AMY LARSON
Staff Writer
Over the past few years, I have taken a lot of road trips with friends. I can remember the first trip our group ever took — we started out in Iowa and drove all the way to Florida and back in about ten days. Though I remember many of the places we went and the people we met, I cannot remember most of the individual conversations that took place. There was one, however, that stuck in my mind completely and impacts me even today.

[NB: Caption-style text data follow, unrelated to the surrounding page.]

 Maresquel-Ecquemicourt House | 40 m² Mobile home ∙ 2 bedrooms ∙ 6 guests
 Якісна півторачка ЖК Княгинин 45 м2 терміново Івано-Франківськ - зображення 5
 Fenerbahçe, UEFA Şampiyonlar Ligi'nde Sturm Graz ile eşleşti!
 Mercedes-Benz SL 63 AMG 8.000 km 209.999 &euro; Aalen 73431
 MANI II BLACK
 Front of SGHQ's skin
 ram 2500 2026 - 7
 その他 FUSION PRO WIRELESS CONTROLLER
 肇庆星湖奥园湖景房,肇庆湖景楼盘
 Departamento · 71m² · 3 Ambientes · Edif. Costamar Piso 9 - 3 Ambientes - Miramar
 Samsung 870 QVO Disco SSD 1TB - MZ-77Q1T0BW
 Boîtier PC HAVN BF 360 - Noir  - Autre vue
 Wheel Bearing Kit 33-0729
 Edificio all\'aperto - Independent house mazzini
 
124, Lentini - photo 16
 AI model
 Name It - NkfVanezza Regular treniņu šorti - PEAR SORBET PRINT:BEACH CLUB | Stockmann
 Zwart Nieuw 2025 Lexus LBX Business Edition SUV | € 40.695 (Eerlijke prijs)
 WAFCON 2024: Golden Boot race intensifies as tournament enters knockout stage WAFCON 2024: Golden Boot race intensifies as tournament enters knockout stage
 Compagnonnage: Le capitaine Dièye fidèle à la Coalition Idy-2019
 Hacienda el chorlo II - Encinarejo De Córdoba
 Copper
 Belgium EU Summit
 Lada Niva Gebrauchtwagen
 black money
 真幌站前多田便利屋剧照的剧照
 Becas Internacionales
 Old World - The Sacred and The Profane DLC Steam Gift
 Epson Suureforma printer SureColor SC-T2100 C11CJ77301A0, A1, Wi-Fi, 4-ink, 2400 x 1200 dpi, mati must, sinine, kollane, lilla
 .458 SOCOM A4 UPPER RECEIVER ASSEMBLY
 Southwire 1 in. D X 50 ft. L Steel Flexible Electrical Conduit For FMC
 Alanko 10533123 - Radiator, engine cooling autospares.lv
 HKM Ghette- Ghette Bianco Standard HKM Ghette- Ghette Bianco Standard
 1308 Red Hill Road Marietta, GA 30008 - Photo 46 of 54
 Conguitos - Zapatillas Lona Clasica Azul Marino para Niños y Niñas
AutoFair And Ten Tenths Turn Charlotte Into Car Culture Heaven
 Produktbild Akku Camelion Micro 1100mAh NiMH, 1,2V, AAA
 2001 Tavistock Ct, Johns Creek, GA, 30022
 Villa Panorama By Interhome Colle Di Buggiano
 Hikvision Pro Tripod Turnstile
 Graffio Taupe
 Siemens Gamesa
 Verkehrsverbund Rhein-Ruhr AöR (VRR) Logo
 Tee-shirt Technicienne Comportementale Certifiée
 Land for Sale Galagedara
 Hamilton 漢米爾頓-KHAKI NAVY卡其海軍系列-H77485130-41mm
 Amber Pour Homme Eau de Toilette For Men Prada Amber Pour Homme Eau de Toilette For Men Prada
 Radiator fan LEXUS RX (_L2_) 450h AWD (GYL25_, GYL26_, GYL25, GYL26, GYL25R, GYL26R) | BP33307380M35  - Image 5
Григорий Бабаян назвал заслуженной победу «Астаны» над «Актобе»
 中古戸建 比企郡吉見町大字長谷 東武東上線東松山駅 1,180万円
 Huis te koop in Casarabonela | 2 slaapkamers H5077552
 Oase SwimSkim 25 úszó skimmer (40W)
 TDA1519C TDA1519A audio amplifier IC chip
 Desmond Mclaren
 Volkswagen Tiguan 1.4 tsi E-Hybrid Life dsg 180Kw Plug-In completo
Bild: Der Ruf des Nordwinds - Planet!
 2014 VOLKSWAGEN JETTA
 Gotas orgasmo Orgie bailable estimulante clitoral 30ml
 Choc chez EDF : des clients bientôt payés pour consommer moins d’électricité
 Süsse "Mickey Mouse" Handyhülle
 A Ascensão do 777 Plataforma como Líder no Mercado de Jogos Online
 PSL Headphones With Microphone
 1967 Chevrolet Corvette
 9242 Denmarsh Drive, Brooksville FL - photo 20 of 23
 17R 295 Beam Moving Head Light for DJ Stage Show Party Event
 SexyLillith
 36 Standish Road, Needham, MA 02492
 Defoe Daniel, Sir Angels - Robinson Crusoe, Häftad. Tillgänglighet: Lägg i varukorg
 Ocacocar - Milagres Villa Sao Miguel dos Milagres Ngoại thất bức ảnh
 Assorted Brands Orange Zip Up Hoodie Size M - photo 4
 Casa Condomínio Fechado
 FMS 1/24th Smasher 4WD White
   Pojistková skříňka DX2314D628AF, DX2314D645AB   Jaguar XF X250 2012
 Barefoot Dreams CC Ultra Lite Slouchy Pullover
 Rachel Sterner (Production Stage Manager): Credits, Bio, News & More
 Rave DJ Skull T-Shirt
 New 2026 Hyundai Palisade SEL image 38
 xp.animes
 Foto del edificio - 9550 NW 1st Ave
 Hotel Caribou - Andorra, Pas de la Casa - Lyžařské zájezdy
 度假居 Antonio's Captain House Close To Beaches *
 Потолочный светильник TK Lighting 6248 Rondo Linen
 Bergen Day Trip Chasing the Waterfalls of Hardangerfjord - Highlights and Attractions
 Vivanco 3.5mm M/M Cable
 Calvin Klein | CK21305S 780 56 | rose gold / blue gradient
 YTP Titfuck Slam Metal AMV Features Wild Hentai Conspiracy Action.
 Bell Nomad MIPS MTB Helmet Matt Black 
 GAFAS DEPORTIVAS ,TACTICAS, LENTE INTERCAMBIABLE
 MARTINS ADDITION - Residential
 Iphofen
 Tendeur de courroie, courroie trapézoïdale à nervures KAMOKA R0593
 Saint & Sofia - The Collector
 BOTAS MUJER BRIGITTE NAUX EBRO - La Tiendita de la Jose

This conversation started because of a simple trip to the gas station. It was just like any other fill-up, and afterwards our group of 17 piled back into our cramped 15-passenger-van and prepared for another long segment of open road. We left the station and drove for quite some time before realizing we had left a boy in the bathroom at Texaco. We immediately turned around and rushed back to pick him up. When we arrived, he was rather angry (understandably so), and though I am certain a million things were running through his mind about how inconsiderate we were, he chose not to reprimand us, but to explain something he had learned from the experience.
“You guys are like so many Christians,” he said. “You know exactly what you’re doing and where you’re going, and you’re so focused on your own destination that you leave everyone else behind.”
The more I considered the words my friend had spoken, the more I saw his sincerity. He was truly hurt by the incident because of the metaphor he saw in it — one of a self-absorbed church with tunnel vision, a group focusing solely on themselves.
Driving down the road that night, we were all silent. I was thinking about many of the experiences I have had at church and how my friend’s words applied. Eventually, I understood just how correct he was.
If Christians truly believe that Jesus is the only way to Heaven, we suggest that we do not care about those around us when we keep tight-lipped about our Savior. God calls us to love one another, but somehow we often confuse that with loving ourselves. Perhaps we are so comfortable with the group of friends we have made that we refuse to welcome a lonely student.
My friend was right — many Christians are too concerned with their own lives to be too bothered with anyone else’s. I can only imagine how much it breaks the heart of God to see so many of His beloved people brushed aside by those who claim to be His followers.
I may be reading far too much into what my friend said that night, but it seems to me that if more people thought as he did, the world would have a totally different view of Christians. Our lifestyle calls for a humility that considers others better than ourselves (Philippians 2:3).
This lifestyle should consistently remind us that, though we have a beautiful and unique part, we are not the sole character in the narrative God is writing. Our love for God should be apparent through our love and sacrifice for others. This is the love that will change us into the people we need to be — people that see things and people as God sees them.
If my friends and I had been showing that sort of love that night at the gas station, we surely would have had more concern for each person, and no one would have been left behind.
I wonder what other situations in my life would have been different.